___ DATA EXTRACT ___

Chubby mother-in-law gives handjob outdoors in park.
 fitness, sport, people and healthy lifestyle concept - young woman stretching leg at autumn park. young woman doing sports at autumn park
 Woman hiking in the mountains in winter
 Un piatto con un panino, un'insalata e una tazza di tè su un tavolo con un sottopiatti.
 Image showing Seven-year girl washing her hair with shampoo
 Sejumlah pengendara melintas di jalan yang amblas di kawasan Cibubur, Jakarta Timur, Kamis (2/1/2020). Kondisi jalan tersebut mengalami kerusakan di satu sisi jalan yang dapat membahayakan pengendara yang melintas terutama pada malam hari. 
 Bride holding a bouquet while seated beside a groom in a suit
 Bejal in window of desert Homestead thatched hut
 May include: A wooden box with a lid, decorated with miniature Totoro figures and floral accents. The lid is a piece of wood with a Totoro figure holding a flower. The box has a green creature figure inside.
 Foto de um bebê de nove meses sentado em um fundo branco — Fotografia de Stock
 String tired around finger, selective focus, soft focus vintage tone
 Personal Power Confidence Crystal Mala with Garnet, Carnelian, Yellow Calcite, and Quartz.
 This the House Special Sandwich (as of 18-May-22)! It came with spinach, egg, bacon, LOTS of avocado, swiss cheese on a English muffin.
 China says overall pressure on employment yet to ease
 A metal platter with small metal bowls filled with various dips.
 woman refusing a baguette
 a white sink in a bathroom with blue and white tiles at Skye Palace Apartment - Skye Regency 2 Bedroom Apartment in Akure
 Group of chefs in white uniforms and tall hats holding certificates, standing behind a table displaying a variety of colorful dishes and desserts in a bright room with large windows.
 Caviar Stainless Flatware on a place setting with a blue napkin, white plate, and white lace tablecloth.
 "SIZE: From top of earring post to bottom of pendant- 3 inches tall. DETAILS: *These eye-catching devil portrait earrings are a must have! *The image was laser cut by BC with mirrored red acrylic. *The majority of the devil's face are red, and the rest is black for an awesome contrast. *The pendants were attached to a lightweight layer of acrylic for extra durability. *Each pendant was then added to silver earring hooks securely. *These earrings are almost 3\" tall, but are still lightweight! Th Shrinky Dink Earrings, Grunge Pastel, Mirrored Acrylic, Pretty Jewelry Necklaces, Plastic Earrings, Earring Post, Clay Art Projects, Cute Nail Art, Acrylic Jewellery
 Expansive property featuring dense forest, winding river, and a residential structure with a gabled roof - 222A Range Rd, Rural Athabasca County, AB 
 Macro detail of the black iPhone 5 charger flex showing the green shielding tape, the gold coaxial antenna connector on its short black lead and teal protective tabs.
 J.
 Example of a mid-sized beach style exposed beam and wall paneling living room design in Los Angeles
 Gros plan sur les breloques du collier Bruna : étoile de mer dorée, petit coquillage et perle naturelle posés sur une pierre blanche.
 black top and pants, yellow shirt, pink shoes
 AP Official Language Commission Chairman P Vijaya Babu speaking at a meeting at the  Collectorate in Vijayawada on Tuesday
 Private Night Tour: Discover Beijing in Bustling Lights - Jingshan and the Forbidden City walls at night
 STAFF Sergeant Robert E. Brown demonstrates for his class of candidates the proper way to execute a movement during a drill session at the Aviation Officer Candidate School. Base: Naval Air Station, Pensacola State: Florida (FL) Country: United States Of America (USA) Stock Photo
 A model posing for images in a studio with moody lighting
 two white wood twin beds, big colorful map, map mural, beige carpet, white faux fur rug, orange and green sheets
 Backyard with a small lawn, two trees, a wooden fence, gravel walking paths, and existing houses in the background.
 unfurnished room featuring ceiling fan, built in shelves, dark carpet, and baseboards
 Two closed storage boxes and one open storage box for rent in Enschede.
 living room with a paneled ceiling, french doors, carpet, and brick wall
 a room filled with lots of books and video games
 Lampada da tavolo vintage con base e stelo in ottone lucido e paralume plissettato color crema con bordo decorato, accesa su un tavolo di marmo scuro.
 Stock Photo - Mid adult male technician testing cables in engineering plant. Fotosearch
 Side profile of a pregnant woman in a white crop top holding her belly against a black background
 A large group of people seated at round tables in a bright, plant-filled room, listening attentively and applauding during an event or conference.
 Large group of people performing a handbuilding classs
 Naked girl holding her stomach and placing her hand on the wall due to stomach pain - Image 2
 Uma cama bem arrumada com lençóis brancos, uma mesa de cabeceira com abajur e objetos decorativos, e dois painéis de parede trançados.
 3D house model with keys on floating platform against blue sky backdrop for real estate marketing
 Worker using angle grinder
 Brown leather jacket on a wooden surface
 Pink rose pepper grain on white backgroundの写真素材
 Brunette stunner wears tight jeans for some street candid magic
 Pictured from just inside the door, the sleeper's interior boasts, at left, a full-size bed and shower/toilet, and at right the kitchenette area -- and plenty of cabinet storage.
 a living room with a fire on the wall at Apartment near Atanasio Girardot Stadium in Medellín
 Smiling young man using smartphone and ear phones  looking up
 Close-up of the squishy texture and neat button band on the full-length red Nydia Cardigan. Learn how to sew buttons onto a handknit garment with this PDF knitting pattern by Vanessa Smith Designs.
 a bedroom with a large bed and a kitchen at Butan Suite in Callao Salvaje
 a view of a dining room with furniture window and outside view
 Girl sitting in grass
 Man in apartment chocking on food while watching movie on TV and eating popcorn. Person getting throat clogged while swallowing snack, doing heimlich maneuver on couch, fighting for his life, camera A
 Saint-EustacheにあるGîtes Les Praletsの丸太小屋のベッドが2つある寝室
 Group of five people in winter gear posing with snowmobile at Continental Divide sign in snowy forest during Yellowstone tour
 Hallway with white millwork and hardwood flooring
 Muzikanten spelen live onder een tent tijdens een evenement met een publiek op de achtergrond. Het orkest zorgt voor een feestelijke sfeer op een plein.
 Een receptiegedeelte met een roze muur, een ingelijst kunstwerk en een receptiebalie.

___

In the listing above, find the line with "Side profile of" and the line with "Smiling young man", then reproduce both and every line between them exactly.

 Side profile of a pregnant woman in a white crop top holding her belly against a black background
 A large group of people seated at round tables in a bright, plant-filled room, listening attentively and applauding during an event or conference.
 Large group of people performing a handbuilding classs
 Naked girl holding her stomach and placing her hand on the wall due to stomach pain - Image 2
 Uma cama bem arrumada com lençóis brancos, uma mesa de cabeceira com abajur e objetos decorativos, e dois painéis de parede trançados.
 3D house model with keys on floating platform against blue sky backdrop for real estate marketing
 Worker using angle grinder
 Brown leather jacket on a wooden surface
 Pink rose pepper grain on white backgroundの写真素材
 Brunette stunner wears tight jeans for some street candid magic
 Pictured from just inside the door, the sleeper's interior boasts, at left, a full-size bed and shower/toilet, and at right the kitchenette area -- and plenty of cabinet storage.
 a living room with a fire on the wall at Apartment near Atanasio Girardot Stadium in Medellín
 Smiling young man using smartphone and ear phones  looking up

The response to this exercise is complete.